La neutralità garantita di Malta, ampliando di per se i margini della pace nel Mediterraneo, deve essere vista con il massimo favore. A questo progetto i nostri partiti non possono dunque non dare la loro adesione, anche se esso richiederà certamente uno sforzo finanziario congiunto dei paesi europei per permettere all’isola di operare una riconversione della sua economia, oggi notevolmente dipendente dai proventi dell’affitto delle attrezzature navali militari. Il Partito Laburista maltese ha posto con chiarezza la questione di fronte ai governi europei, in particolare della Francia e dell’Italia. Le risposte che sino ad oggi sono state formulate non possono essere considerate soddisfacenti. Malta ha chiesto ai due paesi Europei sopra citati, e contemporaneamente alla Libia e all’Algeria, una dichiarazione politica che riconosca il valore e l’importanza della futura neutralità. Il governo maltese non è disponibile a divenire base militare di potenze straniere e men che meno delle maggiori che già si contendono l’influenza militare nel mare Mediterraneo. È questa una posizione importante che deve spingere i governi europei e arabi più direttamente interessati a cooperare con Malta per consentirle di affrontare prospettive derivanti dal suo nuovo status, senza contraccolpi gravi per la vita economica e sociale dell’isola.”30

 

Note:

25. U. Intini, I socialisti , Gea, Milano, 1996.

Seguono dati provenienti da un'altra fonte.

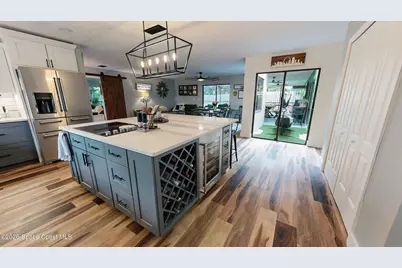 536 Southern Hills Court, Melbourne, FL 32940 - Photo 11
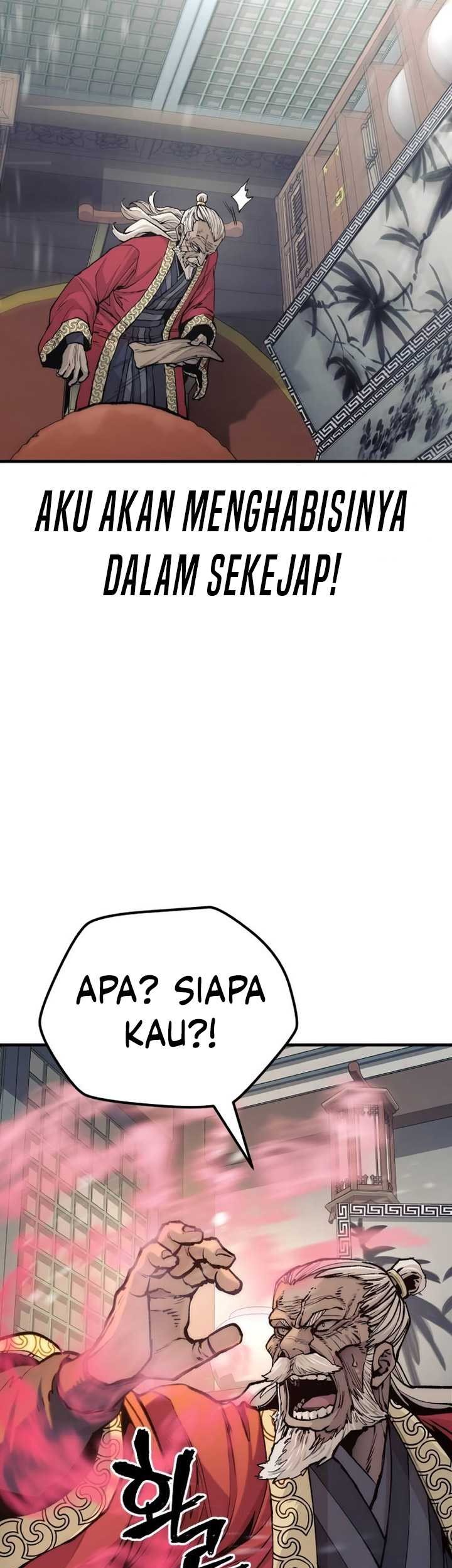 Chapter 124 - halaman 7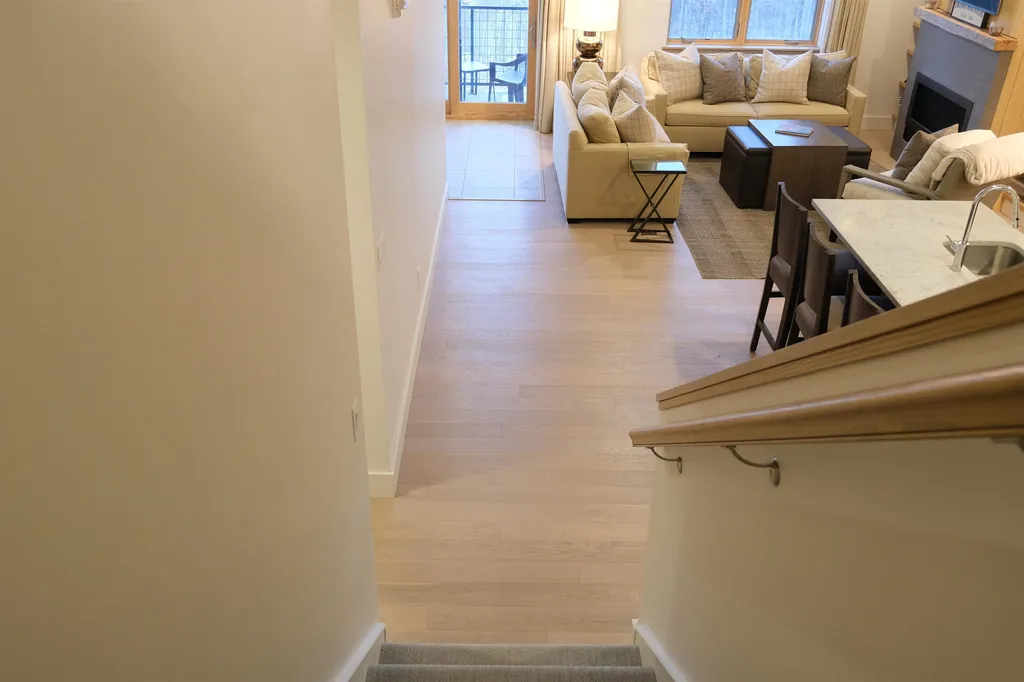 140 Lodge Road Ludlow VT 05149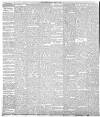 The Scotsman Monday 13 July 1903 Page 6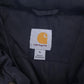 CARHARTT Montana Puffer Jacket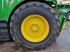 Feldhäcksler Türe ait John Deere 8500 SFH, Gebrauchtmaschine içinde Albersdorf (resim 14)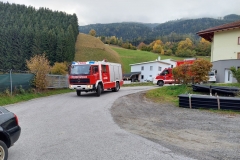 IMG-20211023-WA0106
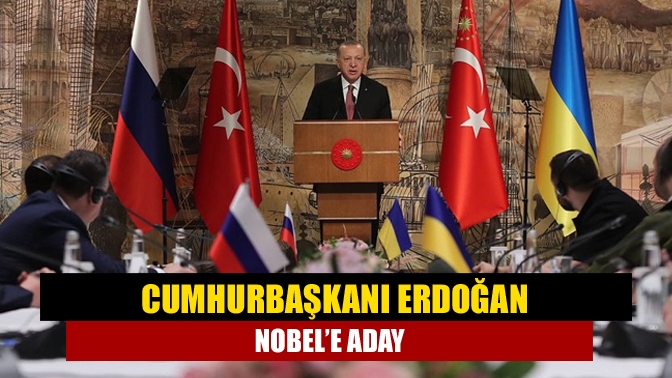 Nobel Enstitüsü, 2023 Nobel Barış Ödülü için 305 aday bulunduğunu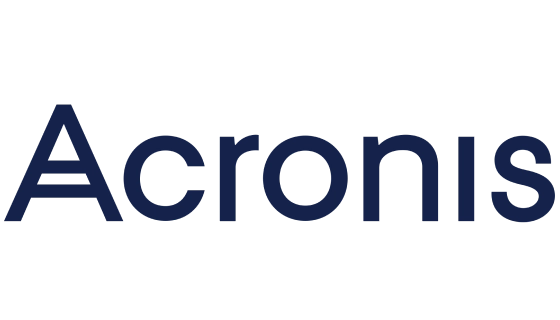 Acronis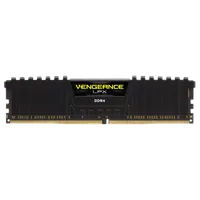 CORSAIR VENGEANCE LPX 8 Go (1 x 8 Go) DDR4 - 2400MHz - 2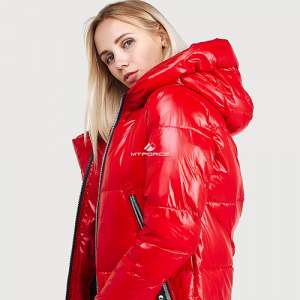 ������� ������ �� ����� ������ ����� - ����������� 1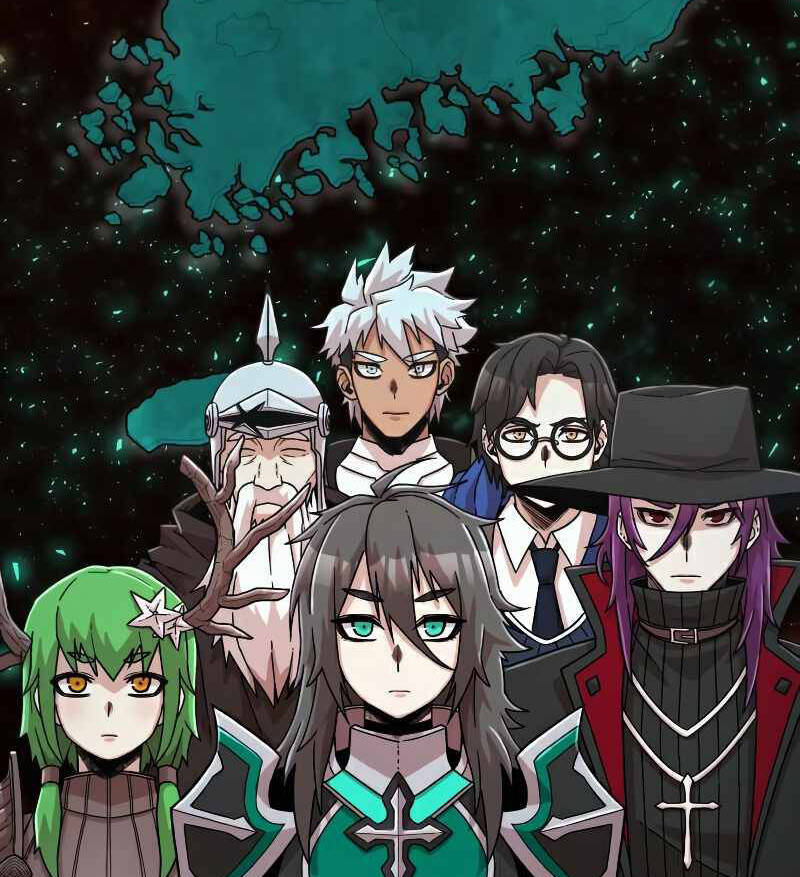 Sự trở lại của anh hùng diệt thế chapter 48 - Upload bởi truyensieuhay.com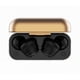 thumbnail image 3 of Bearachild 1 par de auriculares compatibles con Bluetooth recargable tipo c interfaz ergonómico auricular portátil música juego Video Cables de audio/vídeo, 3 of 6
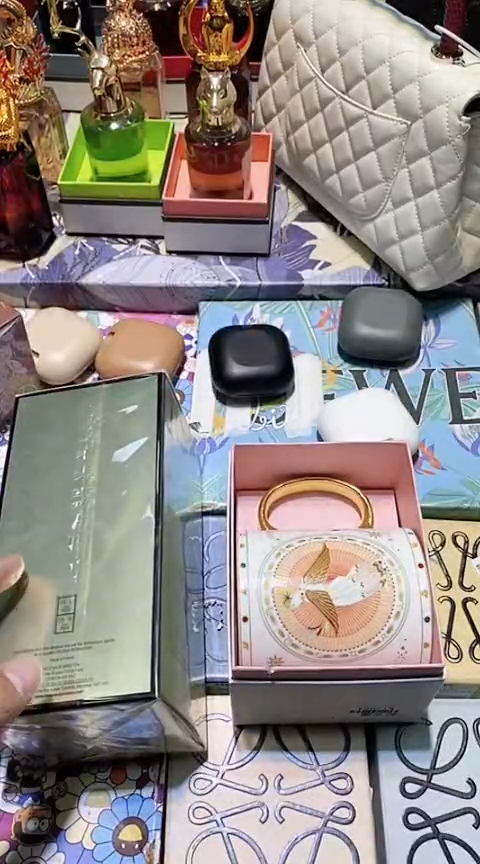 【闪购商品】瓷片孤品单品一件不留@@1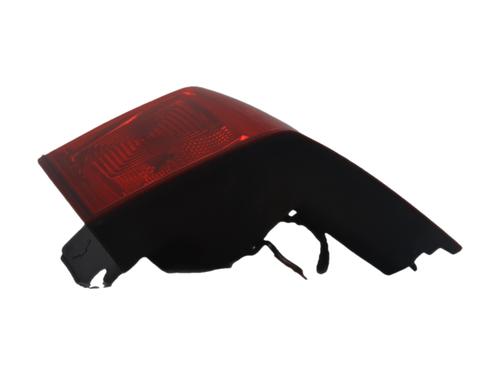 right-taillight-chevrolet-orlando-j309-2010-40602893 main image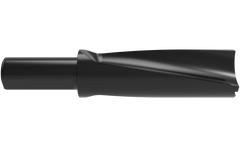 ALLIED W7603H-200F MOTOR PARTS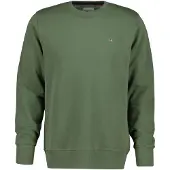 Gant Pull Shield Crew Homme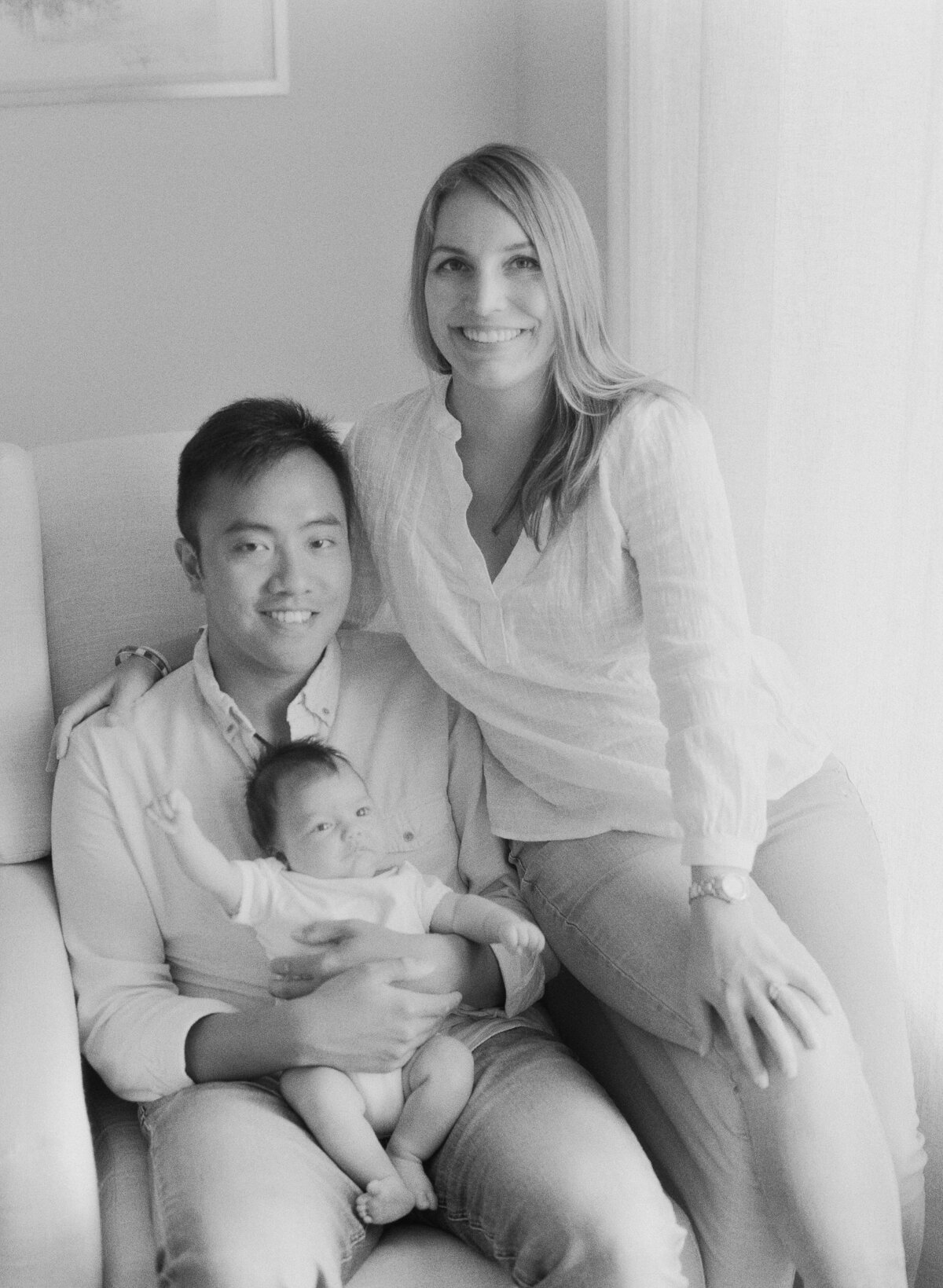 180915_071_Family_Photographer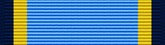 Air Force Aerial Achievement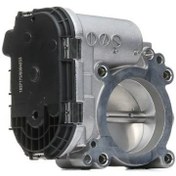Resim Mercedes W168 Gaz Kelebeği Magneti Marelli Marka A2661410525 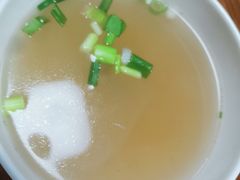 -西后地小马烤肉·清真菜(西安公馆店)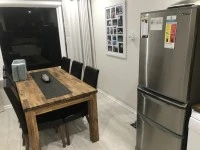 3 bedroom house move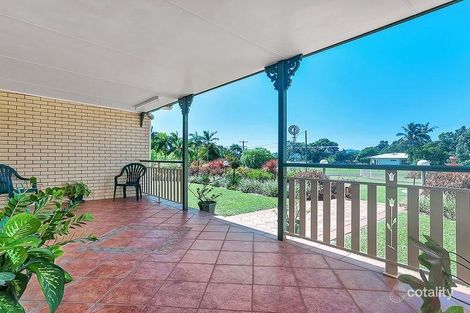 138-140 Wiseman Rd W, Edmonton, QLD 4869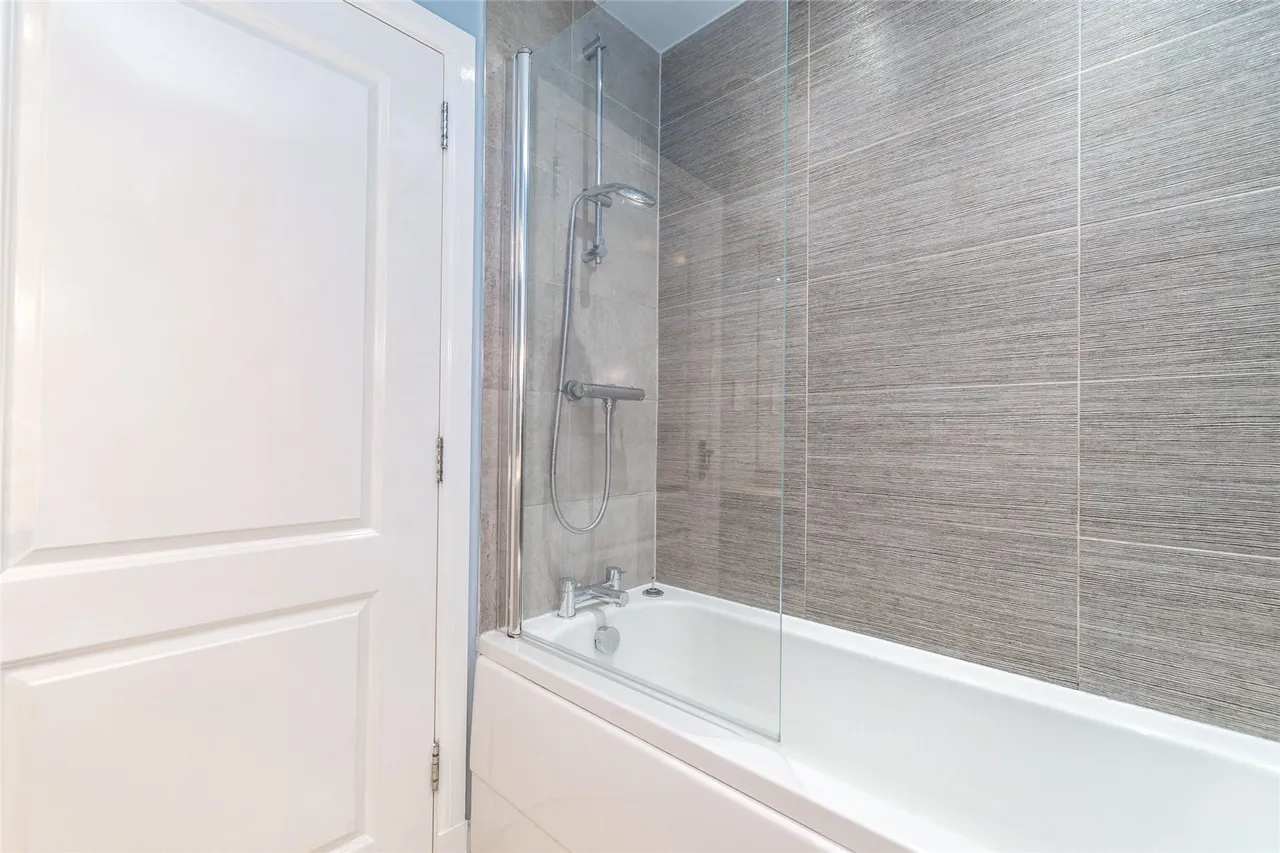 Countesswells Park Drive, Aberdeen, AB15, photo 17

26. B. Craxi, Discorso alla riunione dell’Internazionale Socialista, Madrid, 8 Maggio 1977.

27. Ibidem.

28. E. Di Nolfo e M. Gerlini (a cura di) , Il Mediterraneo attuale tra storia e politica , Marsilio, Venezia, 2012.

29. Appunto di Badini sulla questione di Malta. Documento Riservatissimo.

30. B. Craxi, Discorso alla riunione dell’Internazionale Socialista, Madrid, 8 Maggio 1977.